42 353 personnes auraient été détenues en France, en 2021 parce qu’elles étaient étrangères. C’est ce qu’indique le rapport de cinq associations (Groupe SOS Solidarités, Forum réfugiés, France Terre d’Asile, La Cimade, Solidarité Mayotte) sur les centres et locaux de rétention administrative (CRA et LRA), publié mi-septembre.

Ces lieux de détention sont réservés aux personnes étrangères symbolisent la politique répressive, raciste et xénophobe de l’État français envers les exilés. La plupart du temps en attente de leur éloignement du territoire, après avoir reçu une obligation de quitter le territoire français (OQTF) ces migrants sont emprisonnés pour le seul motif d’être de nationalité étrangère.

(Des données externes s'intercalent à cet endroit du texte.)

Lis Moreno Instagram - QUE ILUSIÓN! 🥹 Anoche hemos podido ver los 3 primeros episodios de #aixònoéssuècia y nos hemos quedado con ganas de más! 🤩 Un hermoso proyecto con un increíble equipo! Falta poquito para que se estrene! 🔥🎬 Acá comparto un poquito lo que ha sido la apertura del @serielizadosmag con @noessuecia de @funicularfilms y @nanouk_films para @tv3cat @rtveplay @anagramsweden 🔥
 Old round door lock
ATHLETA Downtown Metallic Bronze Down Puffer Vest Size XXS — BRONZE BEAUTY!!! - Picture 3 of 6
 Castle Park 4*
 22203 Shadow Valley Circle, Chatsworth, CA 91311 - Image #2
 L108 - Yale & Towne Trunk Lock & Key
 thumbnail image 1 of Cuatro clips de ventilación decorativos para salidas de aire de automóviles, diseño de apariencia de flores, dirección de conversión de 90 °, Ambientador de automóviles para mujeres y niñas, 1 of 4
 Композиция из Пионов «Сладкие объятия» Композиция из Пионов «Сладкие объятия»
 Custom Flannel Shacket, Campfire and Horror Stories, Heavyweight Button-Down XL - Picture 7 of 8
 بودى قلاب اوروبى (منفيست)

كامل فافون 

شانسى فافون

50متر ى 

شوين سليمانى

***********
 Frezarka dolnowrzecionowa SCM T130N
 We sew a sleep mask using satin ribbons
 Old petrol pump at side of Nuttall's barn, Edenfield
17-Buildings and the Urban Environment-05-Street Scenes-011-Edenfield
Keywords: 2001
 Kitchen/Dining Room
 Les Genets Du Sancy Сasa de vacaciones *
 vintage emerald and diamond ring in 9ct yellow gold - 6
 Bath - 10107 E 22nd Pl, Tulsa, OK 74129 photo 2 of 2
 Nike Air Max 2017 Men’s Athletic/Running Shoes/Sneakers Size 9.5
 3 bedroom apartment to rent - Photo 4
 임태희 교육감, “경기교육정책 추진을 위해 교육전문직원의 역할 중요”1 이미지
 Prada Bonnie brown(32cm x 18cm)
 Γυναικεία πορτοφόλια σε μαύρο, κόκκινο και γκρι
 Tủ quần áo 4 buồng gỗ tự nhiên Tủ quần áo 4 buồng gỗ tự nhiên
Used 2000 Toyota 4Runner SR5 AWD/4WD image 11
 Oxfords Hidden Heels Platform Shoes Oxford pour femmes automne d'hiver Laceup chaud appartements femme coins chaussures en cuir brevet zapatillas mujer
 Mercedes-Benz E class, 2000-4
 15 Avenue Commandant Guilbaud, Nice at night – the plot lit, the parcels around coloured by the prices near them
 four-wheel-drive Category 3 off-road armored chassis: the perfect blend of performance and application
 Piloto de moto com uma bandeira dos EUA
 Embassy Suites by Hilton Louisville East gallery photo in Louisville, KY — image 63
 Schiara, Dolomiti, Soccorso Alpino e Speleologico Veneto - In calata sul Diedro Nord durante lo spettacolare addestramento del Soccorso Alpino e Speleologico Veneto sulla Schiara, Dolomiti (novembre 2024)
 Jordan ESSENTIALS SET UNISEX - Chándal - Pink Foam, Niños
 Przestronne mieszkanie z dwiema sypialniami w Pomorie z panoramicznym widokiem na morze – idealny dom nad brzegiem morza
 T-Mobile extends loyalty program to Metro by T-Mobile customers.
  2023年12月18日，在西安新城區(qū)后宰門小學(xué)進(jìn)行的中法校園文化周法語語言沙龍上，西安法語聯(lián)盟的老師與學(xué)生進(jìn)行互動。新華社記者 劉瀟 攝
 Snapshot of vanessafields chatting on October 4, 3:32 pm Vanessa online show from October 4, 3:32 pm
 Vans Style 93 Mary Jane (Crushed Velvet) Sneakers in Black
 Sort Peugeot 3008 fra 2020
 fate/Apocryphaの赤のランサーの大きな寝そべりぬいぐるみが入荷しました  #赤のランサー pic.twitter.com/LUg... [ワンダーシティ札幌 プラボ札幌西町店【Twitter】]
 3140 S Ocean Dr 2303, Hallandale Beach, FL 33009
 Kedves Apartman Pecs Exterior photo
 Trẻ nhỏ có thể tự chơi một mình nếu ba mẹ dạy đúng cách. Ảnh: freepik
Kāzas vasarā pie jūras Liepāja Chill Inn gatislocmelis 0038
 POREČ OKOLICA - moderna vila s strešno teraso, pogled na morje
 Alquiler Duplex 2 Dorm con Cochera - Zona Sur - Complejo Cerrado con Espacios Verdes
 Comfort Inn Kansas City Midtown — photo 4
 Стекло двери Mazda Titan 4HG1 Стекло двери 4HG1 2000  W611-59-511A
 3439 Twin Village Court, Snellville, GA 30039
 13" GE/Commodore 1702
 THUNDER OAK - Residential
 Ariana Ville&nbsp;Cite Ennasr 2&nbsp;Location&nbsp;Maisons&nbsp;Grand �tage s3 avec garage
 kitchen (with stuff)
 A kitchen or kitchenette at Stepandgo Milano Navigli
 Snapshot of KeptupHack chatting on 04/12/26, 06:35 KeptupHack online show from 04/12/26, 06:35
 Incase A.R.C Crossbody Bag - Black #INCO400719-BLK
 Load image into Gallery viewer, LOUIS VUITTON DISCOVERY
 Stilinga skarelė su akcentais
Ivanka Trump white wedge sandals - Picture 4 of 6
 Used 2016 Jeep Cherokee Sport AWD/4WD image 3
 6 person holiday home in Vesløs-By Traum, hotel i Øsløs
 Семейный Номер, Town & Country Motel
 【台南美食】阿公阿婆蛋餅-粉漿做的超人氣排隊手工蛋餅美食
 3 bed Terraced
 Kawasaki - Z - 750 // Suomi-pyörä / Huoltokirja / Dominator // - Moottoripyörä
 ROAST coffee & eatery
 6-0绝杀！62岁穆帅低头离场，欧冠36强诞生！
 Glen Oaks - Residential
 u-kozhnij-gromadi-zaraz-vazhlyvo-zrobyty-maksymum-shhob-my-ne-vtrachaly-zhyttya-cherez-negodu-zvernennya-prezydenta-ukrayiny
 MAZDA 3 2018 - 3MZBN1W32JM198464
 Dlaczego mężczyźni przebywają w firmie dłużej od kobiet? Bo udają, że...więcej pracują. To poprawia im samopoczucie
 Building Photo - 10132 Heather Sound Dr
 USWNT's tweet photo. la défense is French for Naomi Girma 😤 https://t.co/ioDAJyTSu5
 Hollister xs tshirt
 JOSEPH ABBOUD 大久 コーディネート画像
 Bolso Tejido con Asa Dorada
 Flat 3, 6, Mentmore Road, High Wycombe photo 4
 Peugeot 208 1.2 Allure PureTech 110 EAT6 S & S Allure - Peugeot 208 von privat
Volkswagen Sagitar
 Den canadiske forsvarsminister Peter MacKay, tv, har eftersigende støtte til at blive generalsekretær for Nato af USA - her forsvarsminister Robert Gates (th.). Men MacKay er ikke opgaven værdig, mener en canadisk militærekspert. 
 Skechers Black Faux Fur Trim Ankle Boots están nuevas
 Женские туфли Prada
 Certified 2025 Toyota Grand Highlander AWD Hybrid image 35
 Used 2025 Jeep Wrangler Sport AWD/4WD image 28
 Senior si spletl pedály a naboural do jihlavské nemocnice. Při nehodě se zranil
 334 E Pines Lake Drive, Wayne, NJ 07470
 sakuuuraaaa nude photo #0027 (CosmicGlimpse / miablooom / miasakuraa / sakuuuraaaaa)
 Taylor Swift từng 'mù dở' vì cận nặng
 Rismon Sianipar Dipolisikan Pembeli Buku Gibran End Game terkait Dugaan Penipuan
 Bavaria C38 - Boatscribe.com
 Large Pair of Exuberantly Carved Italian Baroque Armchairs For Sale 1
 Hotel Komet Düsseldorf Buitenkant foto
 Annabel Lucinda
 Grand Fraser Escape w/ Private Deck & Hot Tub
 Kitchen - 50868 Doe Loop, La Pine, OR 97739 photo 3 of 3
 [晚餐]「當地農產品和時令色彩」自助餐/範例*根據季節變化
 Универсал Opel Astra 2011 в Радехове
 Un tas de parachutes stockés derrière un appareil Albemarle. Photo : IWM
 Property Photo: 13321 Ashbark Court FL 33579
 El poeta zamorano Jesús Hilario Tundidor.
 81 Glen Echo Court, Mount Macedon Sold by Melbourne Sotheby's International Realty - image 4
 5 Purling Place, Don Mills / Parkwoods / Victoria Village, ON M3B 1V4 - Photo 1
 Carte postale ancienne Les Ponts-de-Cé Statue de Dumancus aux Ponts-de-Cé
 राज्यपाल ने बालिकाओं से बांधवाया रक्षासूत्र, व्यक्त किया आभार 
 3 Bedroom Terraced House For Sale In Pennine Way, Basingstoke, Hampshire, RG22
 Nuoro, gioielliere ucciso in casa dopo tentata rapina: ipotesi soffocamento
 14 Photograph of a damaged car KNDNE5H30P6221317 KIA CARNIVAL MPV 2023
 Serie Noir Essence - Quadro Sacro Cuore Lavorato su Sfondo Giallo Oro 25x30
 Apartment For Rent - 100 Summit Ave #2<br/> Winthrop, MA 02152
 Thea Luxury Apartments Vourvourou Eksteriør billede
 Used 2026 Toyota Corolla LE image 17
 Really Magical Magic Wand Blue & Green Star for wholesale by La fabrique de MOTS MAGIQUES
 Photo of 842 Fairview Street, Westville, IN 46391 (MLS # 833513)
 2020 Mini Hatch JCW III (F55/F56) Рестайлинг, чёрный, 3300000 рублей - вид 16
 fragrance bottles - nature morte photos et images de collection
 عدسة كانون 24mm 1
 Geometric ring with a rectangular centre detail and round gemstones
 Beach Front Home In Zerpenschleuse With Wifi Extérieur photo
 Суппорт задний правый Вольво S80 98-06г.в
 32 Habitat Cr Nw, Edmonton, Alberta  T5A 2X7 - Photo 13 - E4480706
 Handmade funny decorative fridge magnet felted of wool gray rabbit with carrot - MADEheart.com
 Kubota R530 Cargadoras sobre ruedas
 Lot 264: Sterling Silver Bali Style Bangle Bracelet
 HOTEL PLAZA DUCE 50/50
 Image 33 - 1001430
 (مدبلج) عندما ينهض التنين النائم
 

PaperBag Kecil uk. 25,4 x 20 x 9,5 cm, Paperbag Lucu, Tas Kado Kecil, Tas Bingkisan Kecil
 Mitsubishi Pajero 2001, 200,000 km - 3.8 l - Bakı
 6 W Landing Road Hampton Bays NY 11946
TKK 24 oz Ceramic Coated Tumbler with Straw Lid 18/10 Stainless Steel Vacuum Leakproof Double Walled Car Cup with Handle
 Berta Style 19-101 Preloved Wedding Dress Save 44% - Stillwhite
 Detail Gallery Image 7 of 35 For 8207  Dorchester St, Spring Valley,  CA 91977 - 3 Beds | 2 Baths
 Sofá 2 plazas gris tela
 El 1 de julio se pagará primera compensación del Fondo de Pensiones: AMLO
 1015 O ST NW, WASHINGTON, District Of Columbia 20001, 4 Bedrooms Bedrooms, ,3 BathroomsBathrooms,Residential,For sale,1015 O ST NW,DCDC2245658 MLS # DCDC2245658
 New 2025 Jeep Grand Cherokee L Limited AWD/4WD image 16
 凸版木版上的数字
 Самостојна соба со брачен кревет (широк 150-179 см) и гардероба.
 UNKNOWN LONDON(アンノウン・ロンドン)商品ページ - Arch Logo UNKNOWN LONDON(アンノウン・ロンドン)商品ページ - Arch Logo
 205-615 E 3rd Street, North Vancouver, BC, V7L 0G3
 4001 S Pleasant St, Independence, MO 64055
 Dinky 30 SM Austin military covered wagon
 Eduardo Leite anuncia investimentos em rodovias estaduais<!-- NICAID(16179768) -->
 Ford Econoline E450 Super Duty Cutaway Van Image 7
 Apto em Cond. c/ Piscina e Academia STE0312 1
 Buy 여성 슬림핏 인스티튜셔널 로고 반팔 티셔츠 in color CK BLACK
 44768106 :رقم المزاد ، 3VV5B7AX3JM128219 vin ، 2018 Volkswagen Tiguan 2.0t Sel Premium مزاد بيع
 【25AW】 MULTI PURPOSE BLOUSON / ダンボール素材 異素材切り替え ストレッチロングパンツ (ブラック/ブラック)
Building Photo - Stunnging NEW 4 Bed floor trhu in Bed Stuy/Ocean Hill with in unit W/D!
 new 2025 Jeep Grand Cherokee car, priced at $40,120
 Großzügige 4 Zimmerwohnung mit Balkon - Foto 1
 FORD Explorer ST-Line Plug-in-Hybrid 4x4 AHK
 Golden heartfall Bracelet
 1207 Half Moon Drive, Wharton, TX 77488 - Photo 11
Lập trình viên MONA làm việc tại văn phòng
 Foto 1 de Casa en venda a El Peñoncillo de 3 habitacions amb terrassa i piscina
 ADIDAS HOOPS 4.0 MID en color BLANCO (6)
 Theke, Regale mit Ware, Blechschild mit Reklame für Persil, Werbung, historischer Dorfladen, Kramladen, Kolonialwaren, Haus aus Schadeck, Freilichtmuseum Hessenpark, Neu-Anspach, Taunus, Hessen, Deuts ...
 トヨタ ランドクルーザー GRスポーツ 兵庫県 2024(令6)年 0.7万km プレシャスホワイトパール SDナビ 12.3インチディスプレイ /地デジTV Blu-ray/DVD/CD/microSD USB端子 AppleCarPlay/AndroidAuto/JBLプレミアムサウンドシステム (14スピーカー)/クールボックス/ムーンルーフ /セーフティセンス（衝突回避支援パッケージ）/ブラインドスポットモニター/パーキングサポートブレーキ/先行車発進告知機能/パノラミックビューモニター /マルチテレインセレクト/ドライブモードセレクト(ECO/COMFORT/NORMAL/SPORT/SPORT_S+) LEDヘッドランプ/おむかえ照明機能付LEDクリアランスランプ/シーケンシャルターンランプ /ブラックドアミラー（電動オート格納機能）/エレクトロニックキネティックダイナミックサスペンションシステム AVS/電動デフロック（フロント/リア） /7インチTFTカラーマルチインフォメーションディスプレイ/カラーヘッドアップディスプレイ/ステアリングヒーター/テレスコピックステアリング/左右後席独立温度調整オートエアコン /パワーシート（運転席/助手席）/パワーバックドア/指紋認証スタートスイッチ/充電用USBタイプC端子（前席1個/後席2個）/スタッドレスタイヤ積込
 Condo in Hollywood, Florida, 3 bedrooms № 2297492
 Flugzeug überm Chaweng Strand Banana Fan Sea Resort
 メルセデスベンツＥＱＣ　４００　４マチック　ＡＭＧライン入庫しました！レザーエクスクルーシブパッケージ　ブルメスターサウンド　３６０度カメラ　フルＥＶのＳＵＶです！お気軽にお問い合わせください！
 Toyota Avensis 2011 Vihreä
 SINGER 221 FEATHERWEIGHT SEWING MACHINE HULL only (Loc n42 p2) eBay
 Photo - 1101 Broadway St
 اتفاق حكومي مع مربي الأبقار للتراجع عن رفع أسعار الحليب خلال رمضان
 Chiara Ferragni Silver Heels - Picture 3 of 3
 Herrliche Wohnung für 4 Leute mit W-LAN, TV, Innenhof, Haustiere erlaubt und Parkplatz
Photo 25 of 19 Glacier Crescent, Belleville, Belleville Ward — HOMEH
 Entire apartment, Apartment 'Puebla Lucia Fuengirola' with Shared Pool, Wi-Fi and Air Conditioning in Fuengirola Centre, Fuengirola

En métropole, la majorité des prisonniers sont albanaise (11,5 %). 28,3 % sont originaires de trois pays du Maghreb (dans l’ordre, Algérie, Tunisie et Maroc), mais aussi d’Afghanistan (6,8 %), des pays de l’Est de l’Europe (6,1 % de Roumains et 5 % de Georgiens) ou encore de Guinée ou Côte d’Ivoire. Autant de pays où la France exploite les populations et les ressources pour garantir ses intérêts impérialistes.

Les conditions de détention y sont particulièrement inhumaines : insalubrité et promiscuité, surpopulation, harcèlement policier… L’année 2021, marquée par la crise sanitaire, a connu le décès de trois prisonniers et de nombreuses tentatives de suicides.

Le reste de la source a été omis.